Prof. Wüstenberg's guest lecture "Theological and Political Reconciliation in South Africa and Germany" (16th December, 2016)


 Wüstenberg Lecture Dec 2016  Conference Confronting Violent Past 2016  15493945_10158024649585235_631445854_n

Jena Center for Reconciliation Studiesat Friedrich Schiller University Jena is proud to have hosted Prof. Dr. Ralf K. Wüstenberg, Chair for Systematic and Historic Theology at Europa-University Flensburg, as a guest speaker in the class "Reconciliation and Culture in Palestinian Society", instructed by Dr. Zeina Barakat and directed by Prof. Dr. Martin Leiner.

Prof. Wüstenberg's accumulated experience and knowledge are formidable. His lecture titled, "The Theological Implications in Political Reconciliation: The Cases of South Africa and Germany" discussed the importance of forgiveness (Vergebung) emphasizing three aspects:

I. Reconciliation and Forgiveness in Theology

II. Political Reconciliation in Germany and South Africa

III. Theological Implications of Political Reconciliation

The lecturer explored the political dimensions of forgiveness and reconciliation in light of the transitions to democracy in Germany after the fall of the Berlin Wall and in South Africa after the end of Apartheid. He proceeded in three steps: First, he started by offering some remarks about the theological understanding of reconciliation and forgiveness explaining that the difference between Political reconciliation and theological reconciliation, as well as what does the word 'reconciliation' mean in theological understanding, namely, it is basically the relationship between god and mankind that was good in the beginning, broke up through sin and was restored through Christ. He argued that reconciliation has to do with "change" that the Apostle Paul introduced in the well-known passage in 2 Corinthians: "God … reconciled us to himself through Christ and has given us the ministry of reconciliation: that is, in Christ God was reconciling the world to himself, not counting their trespasses against them and entrusting the message of reconciliation to us" (5:18-19) and how it played a key role in complex diplomatic processes, e.g., when hostile cities made peace with each other again.[1]

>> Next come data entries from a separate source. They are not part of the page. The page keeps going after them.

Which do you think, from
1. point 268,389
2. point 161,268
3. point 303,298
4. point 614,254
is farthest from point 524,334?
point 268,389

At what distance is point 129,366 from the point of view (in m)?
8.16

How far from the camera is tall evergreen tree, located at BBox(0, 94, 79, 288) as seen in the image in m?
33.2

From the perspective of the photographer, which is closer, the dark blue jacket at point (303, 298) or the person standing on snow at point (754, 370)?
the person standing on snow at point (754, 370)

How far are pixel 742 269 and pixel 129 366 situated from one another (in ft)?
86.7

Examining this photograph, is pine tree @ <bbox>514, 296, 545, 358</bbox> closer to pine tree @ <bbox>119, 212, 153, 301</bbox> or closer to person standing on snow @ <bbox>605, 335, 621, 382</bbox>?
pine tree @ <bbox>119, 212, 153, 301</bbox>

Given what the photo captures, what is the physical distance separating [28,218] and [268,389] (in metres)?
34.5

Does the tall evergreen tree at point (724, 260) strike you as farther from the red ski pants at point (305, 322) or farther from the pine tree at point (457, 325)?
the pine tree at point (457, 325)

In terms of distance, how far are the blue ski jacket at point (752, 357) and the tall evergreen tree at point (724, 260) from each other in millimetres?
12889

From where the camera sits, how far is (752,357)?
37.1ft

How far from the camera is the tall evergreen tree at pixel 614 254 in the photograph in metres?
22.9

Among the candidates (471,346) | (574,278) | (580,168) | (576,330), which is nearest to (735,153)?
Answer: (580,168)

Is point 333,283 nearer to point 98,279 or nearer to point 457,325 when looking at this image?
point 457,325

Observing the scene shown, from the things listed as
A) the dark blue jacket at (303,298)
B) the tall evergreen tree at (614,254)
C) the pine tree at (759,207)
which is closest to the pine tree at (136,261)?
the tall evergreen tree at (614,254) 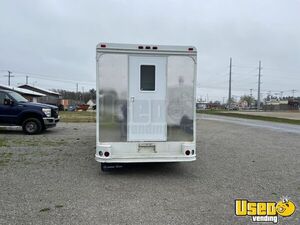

Second, the lecturerexplored the political options in transition societies (like amnesty or truth commissions); and, third, he analyzed extensively the implications of moral and theological values (like truth-telling or repentance). He argued [Office1] that there is no straight path leading from political reconciliation to its theological meaning. There is instead an ontological breach at the point where we enter the theological understanding of the process. However, coming from the theological angle enables us to discover "connections" between a theological and a political understanding of reconciliation and to explore the power of forgiveness that we introduced through our New Testament citation in the introduction of this lecture. "Reconciliation through truth" does not mean theologically being stuck in moral accusations; what it does is highlight the overcoming of moral guilt. Truth is truth only when it sets one free as made clear in the saying of Jesus, "The truth will make you free," quoted in the Gospel of John (8:32). Free for what? Free to make journeys from the self to the other and back and to see our common history from their perspective as well as ours, rather than closing ourselves off; free to live a truthful life and hence be a self-effecting witness to truth rather than fabricating our own 'truths' and imposing them on others; free to embrace others in truth rather than engage in open or clandestine acts of deceitful violence against them. [2]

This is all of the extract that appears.